Healthcare Quality and Patient Safety

Degree Types: MS, MD/MS, Certificate

The master's program in Healthcare Quality and Patient Safety offers students the opportunity to meet educational goals while they continue their careers or medical education, making the program accessible to medical students, clinicians, and working healthcare professionals. This program targets both clinical and non-clinical healthcare professionals who want to focus their career development on these critical areas in health care. Students living outside the Chicago area can pursue this 2-year, part-time program. Students travel to Northwestern University's Chicago or Evanston campuses for the classroom-based intensive sessions and complete the Capstone project remotely.
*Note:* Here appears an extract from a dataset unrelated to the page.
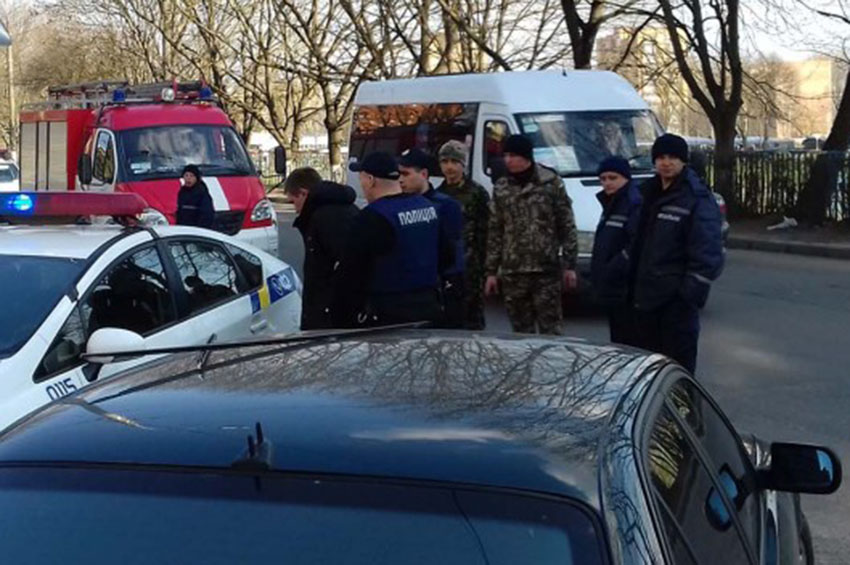 Ймовірного водія саджають у патрульну автівку. Його чекає експертиза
The program focuses on the knowledge, skills, and methods required for improving the systems of healthcare delivery. The topics covered include healthcare quality context and measurement, changing systems of care delivery and healthcare redesign, healthcare disparities, accountability and public policy, safety interventions and practices, health information technology, simulation and the science of teamwork, human factors, risk assessment methods, governance, and application of leadership skills. Additionally, students learn about the external environment that shapes health policy, particularly regarding quality and safety.

The Master of Science degree program includes nine courses and begins during the summer quarter. The core of the program consists of five-day immersion sessions held four times at our Chicago or Evanston campuses. In addition to these high-contact sessions, six distance-learning sessions enrich the immersion coursework. Distance-learning sessions for each applicable course will typically take place one evening per week following the immersion sessions. The nine-course curriculum covers introductory topics in healthcare quality and patient safety, advanced topics in healthcare quality and patient safety, an introduction to US health systems, and fundamental methods for healthcare quality and patient safety. The curriculum also includes a business course—The Business of Quality and Safety Improvement—taught by distinguished faculty from Northwestern's Kellogg School of Management. Across both years of study, students focus on developing and implementing their Capstone project (HQS 430 & 435). Remote group mentoring sessions begin in April of the first year and continue throughout the second year of study, allowing students to provide updates on their projects and receive feedback from faculty and peers. The Capstone courses culminate in a final colloquium held the day before graduation.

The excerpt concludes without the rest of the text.